Ha scritto Umberto Eco: “il califfato dell’ISIS è una nuova forma di nazismo, con i suoi metodi di sterminio e la volontà apocalittica di impadronirsi del mondo”. Come il nazismo il califfato ha dimostrato la capacità di coniugare la modernità della tecnica con le aberrazioni più infernali.

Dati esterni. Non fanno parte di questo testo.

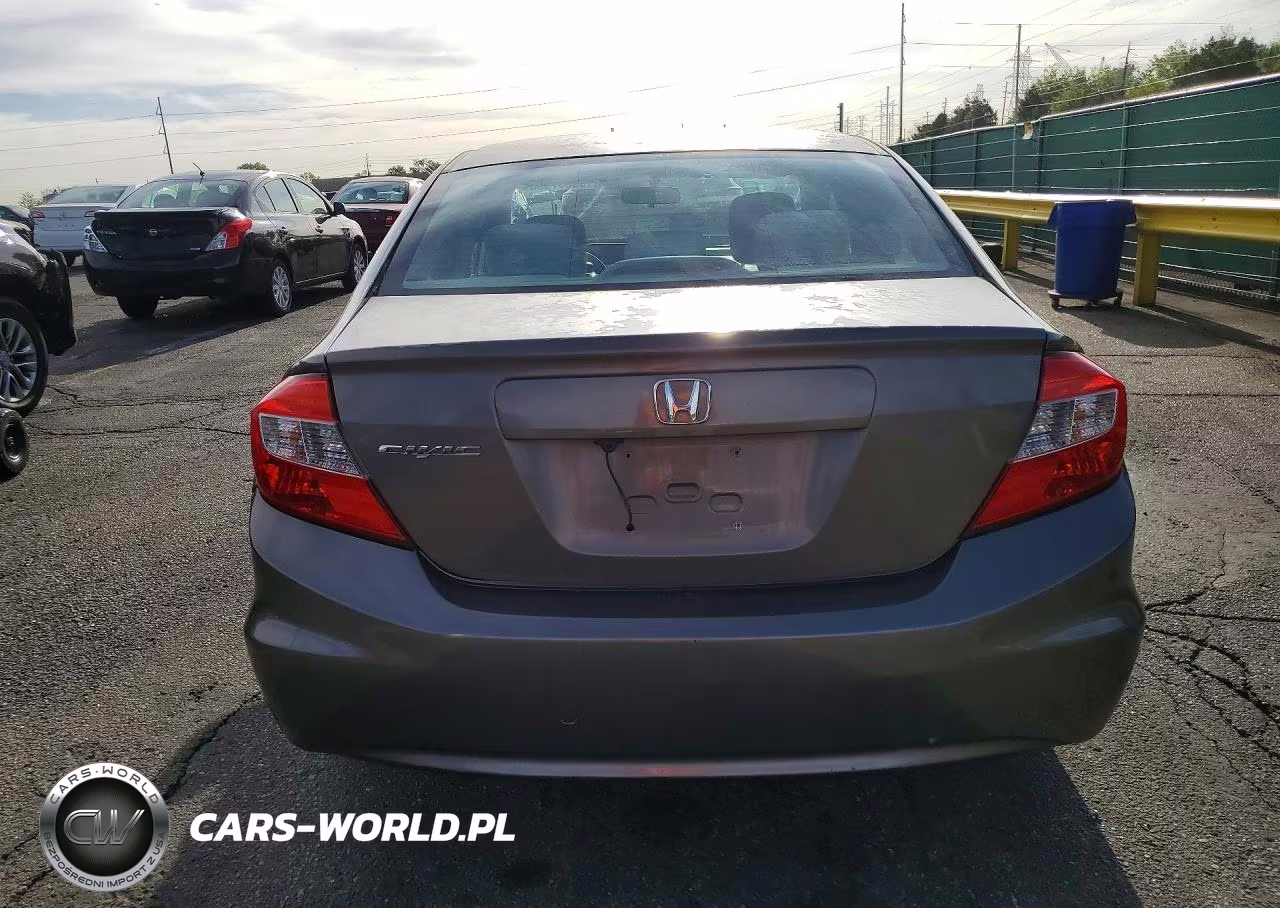 2012 Honda Civic Lx VIN:2HGFB2F55CH584514 - 6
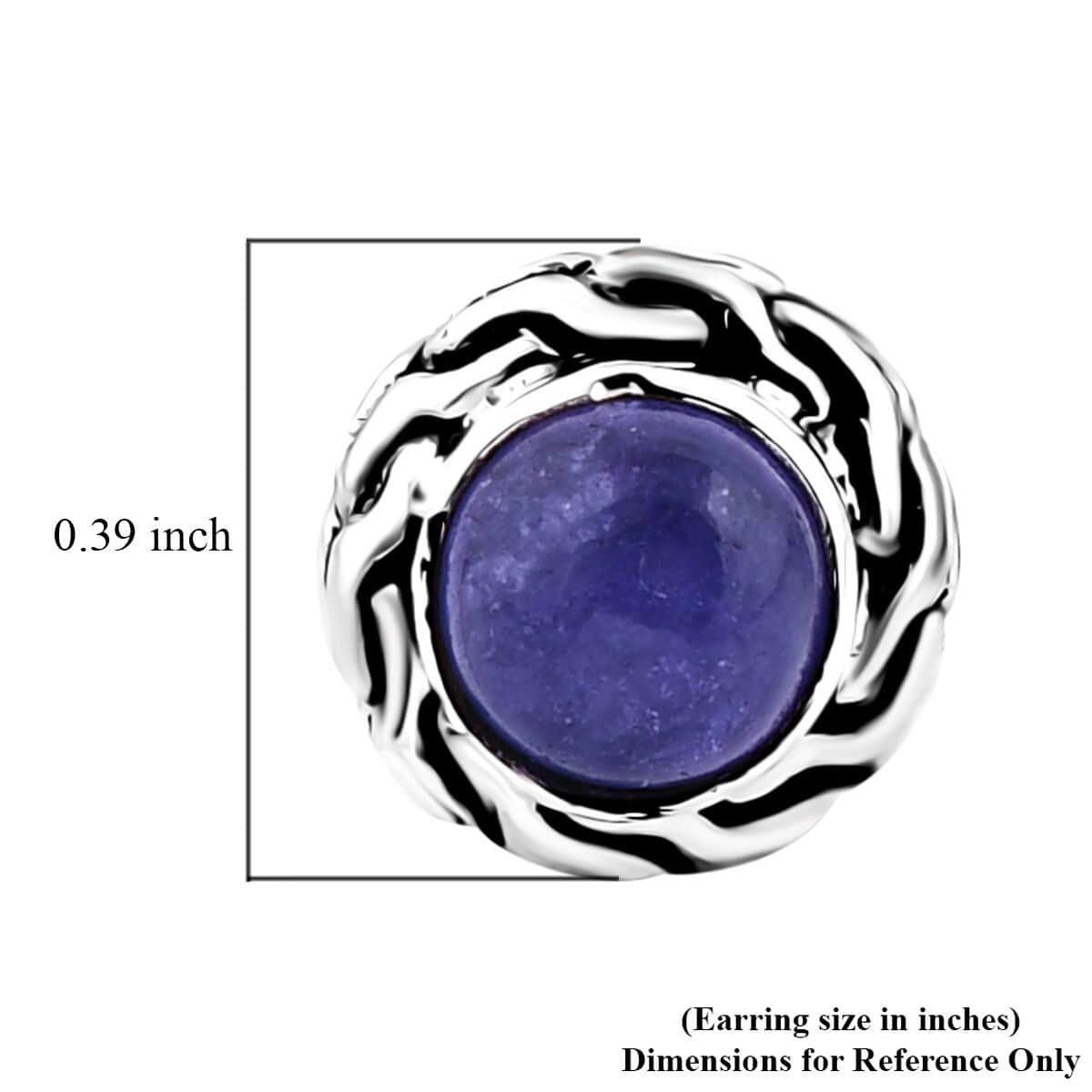 Bali Legacy Tanzanite Stud Earrings in Sterling Silver 2.40 ctw image number 5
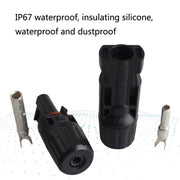 10 Sets MC4 Solar Photovoltaic Connector Water-resistant Flame-Retardant Socket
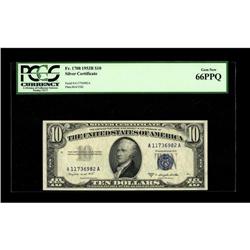 Fr. 1708 $10 1953B Silver Certificate. PCGS Gem New 66P 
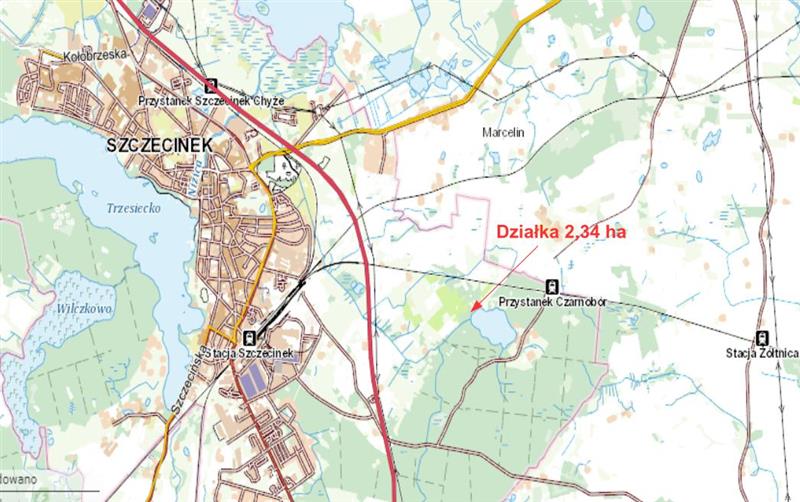 Działka nad jeziorem, 2,35 ha, Szczecinek - zdjęcie 1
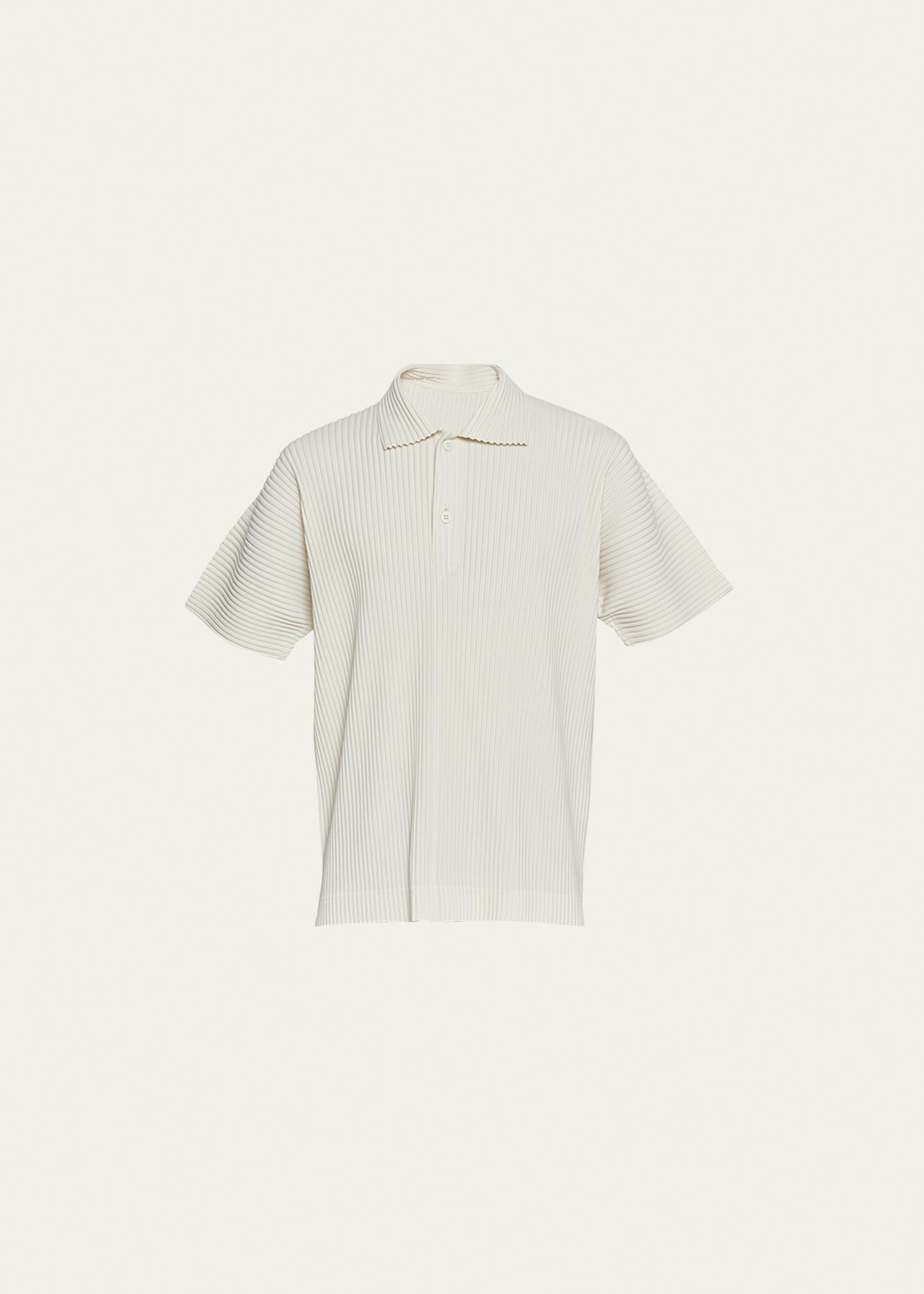 Homme Plissé Issey Miyake Monthly Colors June Pleated Polo in 03 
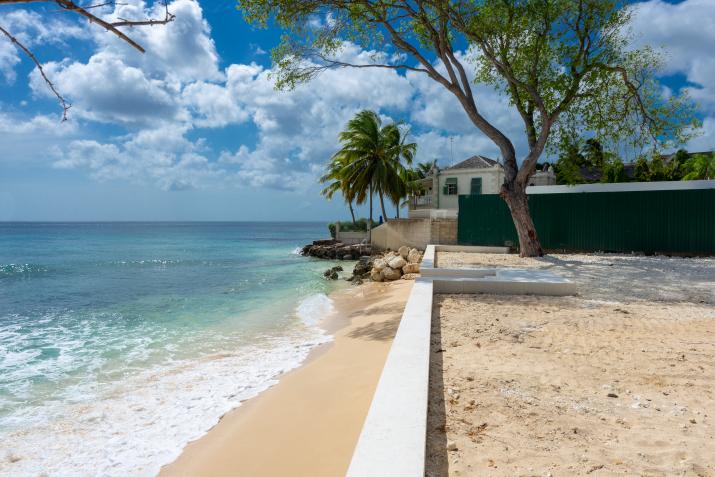 Bend Land Beachfront Land For Sale Barbados Ocean View and Retaining Wall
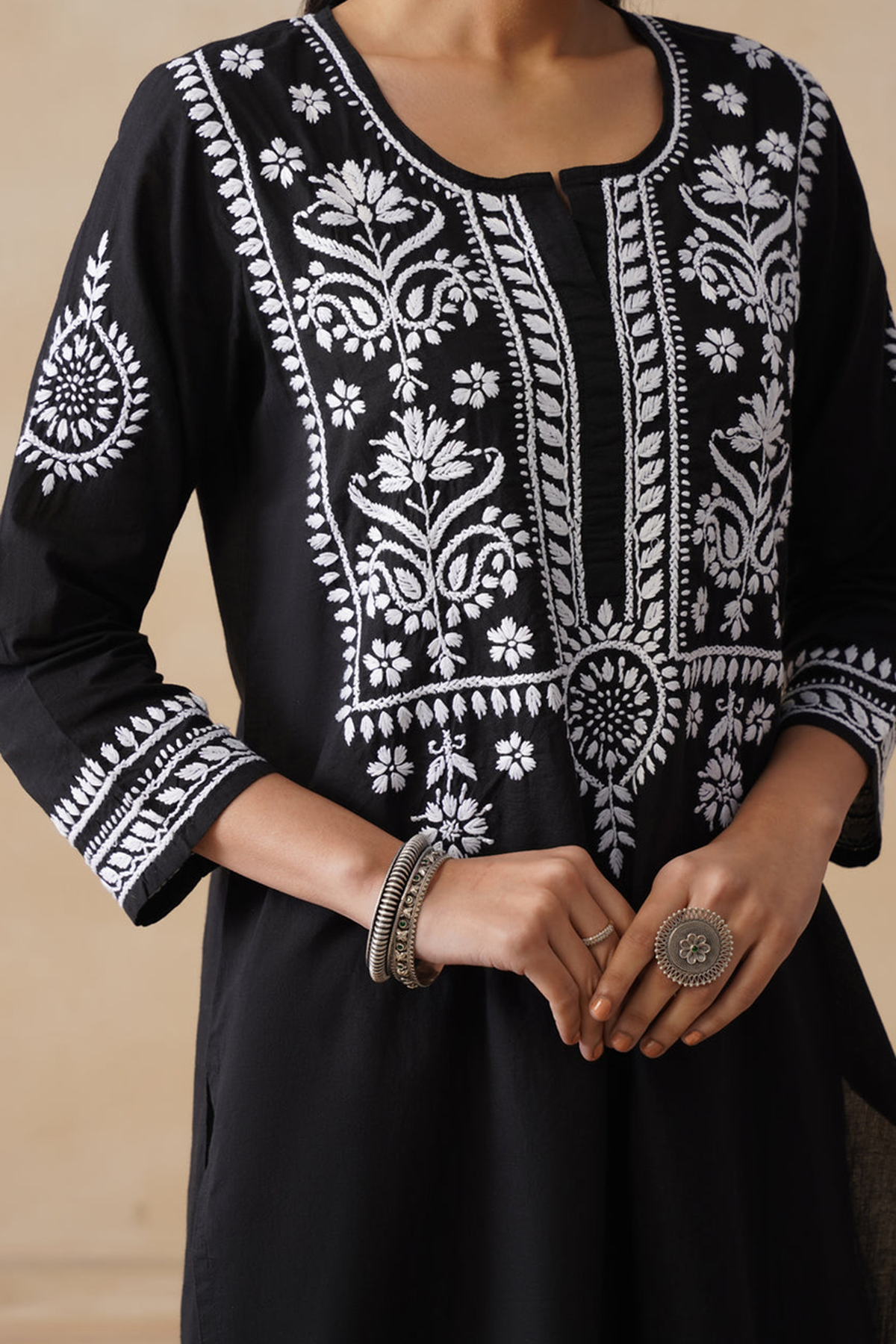 Ember – Hand-Embroidered Chikankari 2 Piece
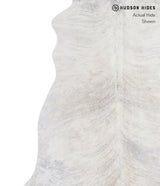 Grey Brindle Large Brazilian Cowhide Rug 5'11"H x 5'3"W #A4959 by Hudson Hides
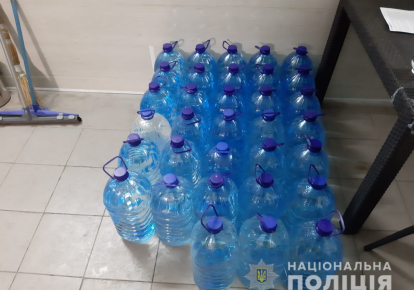 Харьковская полиция изъяла около 1000 литров алкоголя
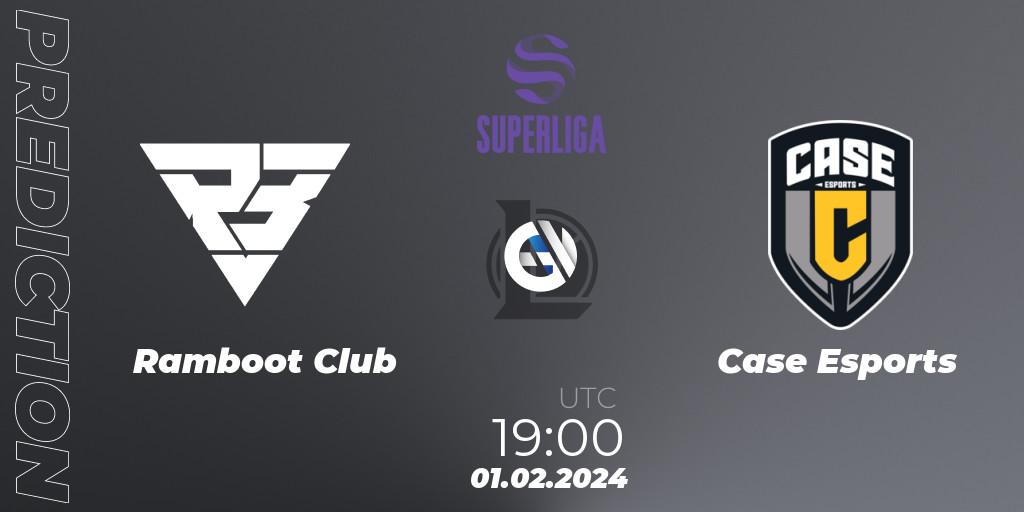 Pronósticos Ramboot Club - Case Esports. 01.02.24. Superliga Spring 2024 - Group Stage - LoL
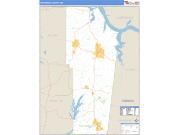 Tishomingo County, MS <br /> Wall Map <br /> Zip Code <br /> Basic Style 2024 Map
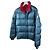 Giacca Piumino Moncler Vintage 90s Blu & Rossa Taglia 3 / L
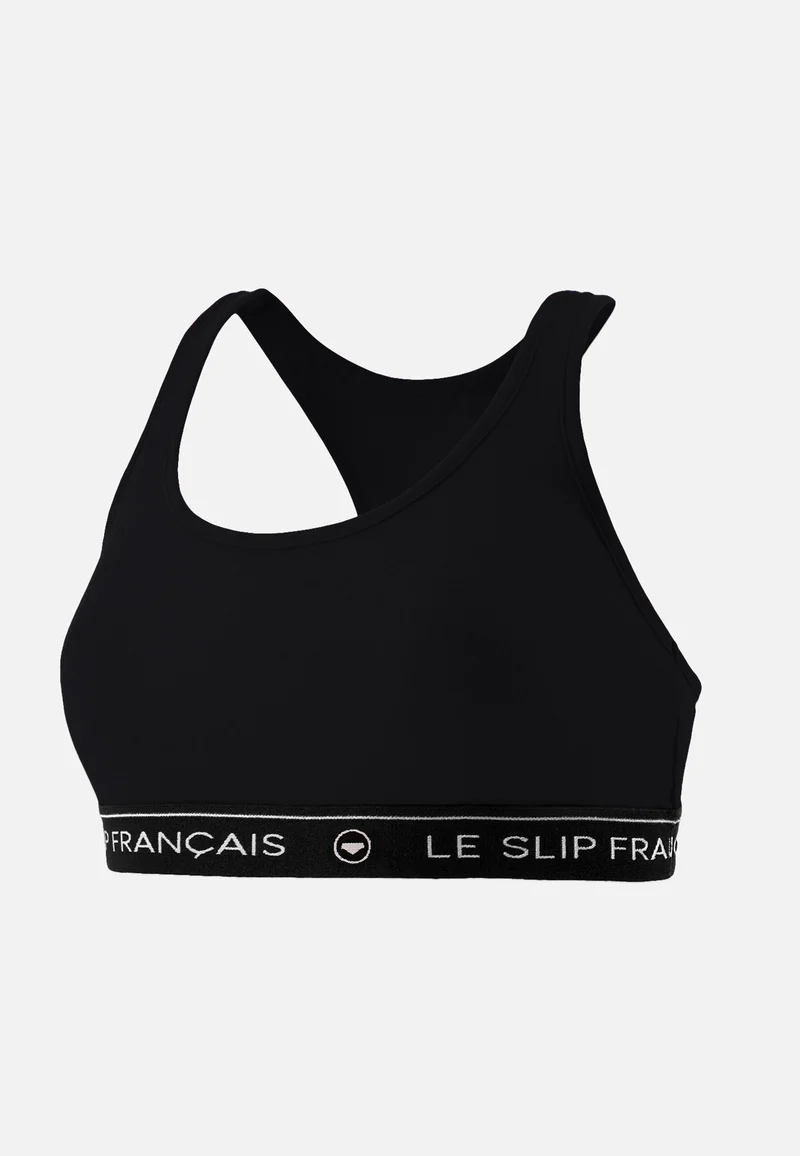 Brassière femme noire en coton - Tapageuse Noir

Adesso questo mostro è stato sconfitto (ma non estinto), grazie al sacrificio delle donne e degli uomini delle unità combattenti curde, che hanno avuto 11.000 morti e 22.000 feriti e, per ricompensa, hanno ricevuto pesanti bombardamenti dalla potenza protettrice dell’ISIS, la Turchia. Nella parte finale del libro Sara Montinaro accenna alla necessità di pervenire a una lettura dell’Islam differente da quella posta a base della folle avventura dello Stato islamico. Per estirpare le radici di Daeş bisogna guardare dentro al fenomeno religioso e stimolare la comunità musulmana a ripudiare la lettura del Corano posta a base dell’ISIS, come hanno mostrato nella loro critica all’estremismo violento i più grandi sapienti musulmani, nella loro lettera del 24 settembre 2014 ai capi terroristi del cosiddetto Stato islamico (L’Islam non avanza con la spada). Una riflessione proseguita con l’importante documento di Abu Dhabi sulla fratellanza umana per la pace mondiale e la convivenza comune, firmato il 14 febbraio 2019 da papa Francesco e dal Grande Iman di Al-Hazar. “C’è uno stereotipo – osserva Raniero La Valle – che fa delle fedi religiose il regno dell’immutabile ma, come dice l’esperienza, esse sono in grado di cambiare sé stesse per rispondere a problemi nuovi”.

In un mondo in cui avanza una politica dell’odio e una politica della barbarie – conclude Sara Montinaro – è arrivato il momento di mettere al centro l’essere umano in quanto tale e costruire relazioni in cui l’amore diventi uno strumento per resistere a chi ci vuole indifferenti, individualisti e soli”.